It is so strange to go home for a visit, and know that when I go into her room and hug my grandma, I have to explain who I am first. She goes along with it, and appears excited to see me. But I know, all too soon those days will be gone as well, and when I go in to see her, there will be no recollection at all. I cherish those days we spent together over a year ago, and I learned a strong lesson about valuing the time you have with someone. Someday the one you love may be gone.

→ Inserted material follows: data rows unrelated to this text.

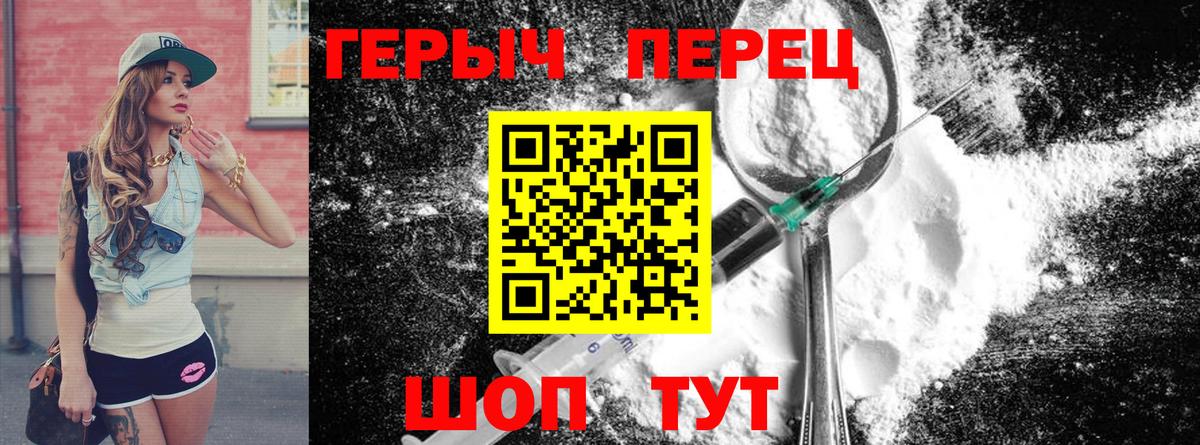 Героин афганец Рубцовск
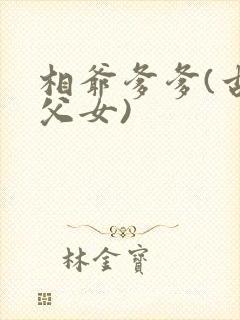 相爷爹爹(古言父女)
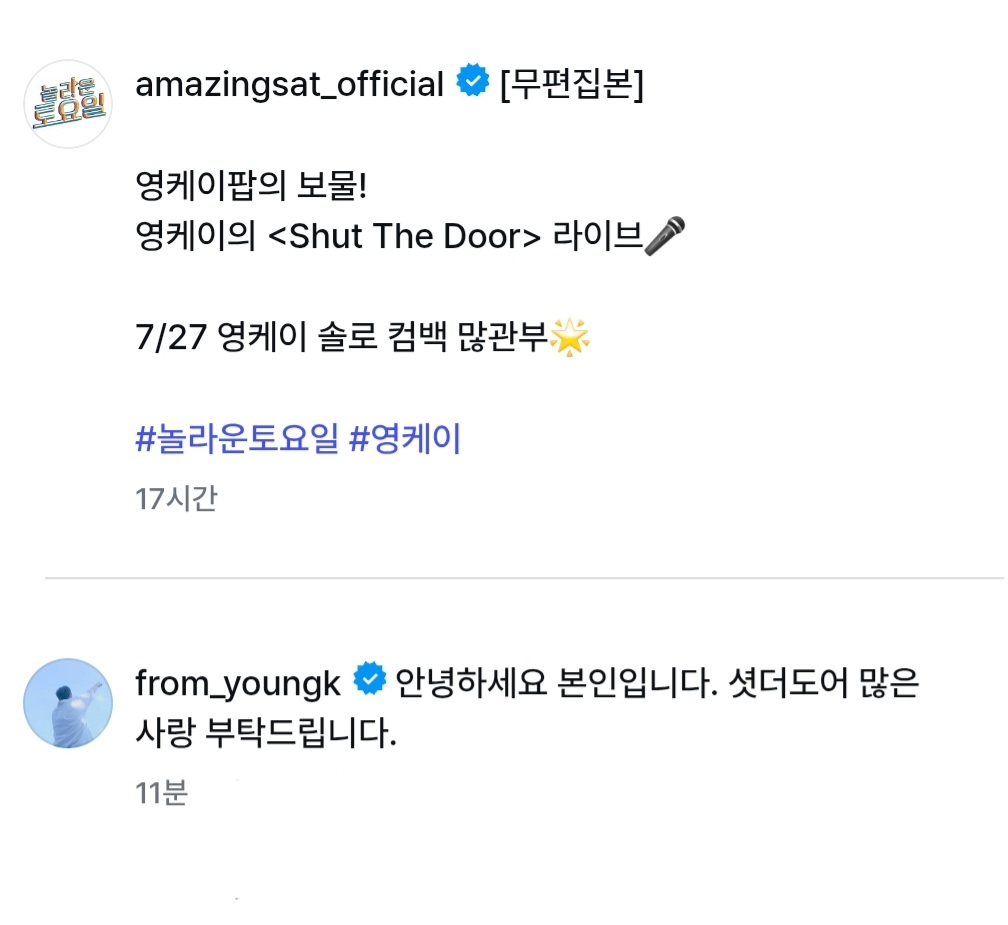 eternal_0k's tweet photo. 260726 from_youngk #DAY6 #데이식스 #YoungK #영케이 

안녕하세요 본인입니다. 셧더도어 많은 사랑 부탁드립니다.

🔗 https://t.co/vWEDODWx46
⠀⠀ https://t.co/3okx9oo22y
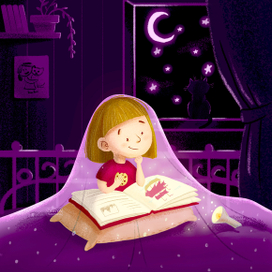 Ночное чтение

9 Responses to “thanks for the memory”

  1. carlajhart June 9, 2010 at 11:24 pm #

    This is so powerful! Your story makes me want to become an advocate of Alzhiemers. I’m so sorry for your loss, but I’m glad that you had that precious time together.

  2. kaimeec June 11, 2010 at 7:16 pm #

    Thank you for sharing your personal story of your grandmother! I can just see how important this topic of aging health for women is for you!

  3. emilyr1369 June 12, 2010 at 4:35 pm #

    Thanks for being willing to share your own personal story with us. That is very brave of you.

  4. remmikkn June 12, 2010 at 5:03 pm #

    My grandma is suffering from Alzheimer’s as well and is at the end stages where she has no clue who any of her family is anymore. It’s sad to see them go through this when you know they were once so lively and passionate about life. It’s comforting to know, however, that one day their memory will be restored, and we will be able to interact with them like we did as before 🙂

  5. natalier31 June 13, 2010 at 11:18 pm #

    I think it is so great that your grandma lives with your family. I have had the privilege of having my grandparents live downstairs most of my life. I will forever love the experiences I have shared with them as I imagine you will with the ones you’ve shared with your grandma.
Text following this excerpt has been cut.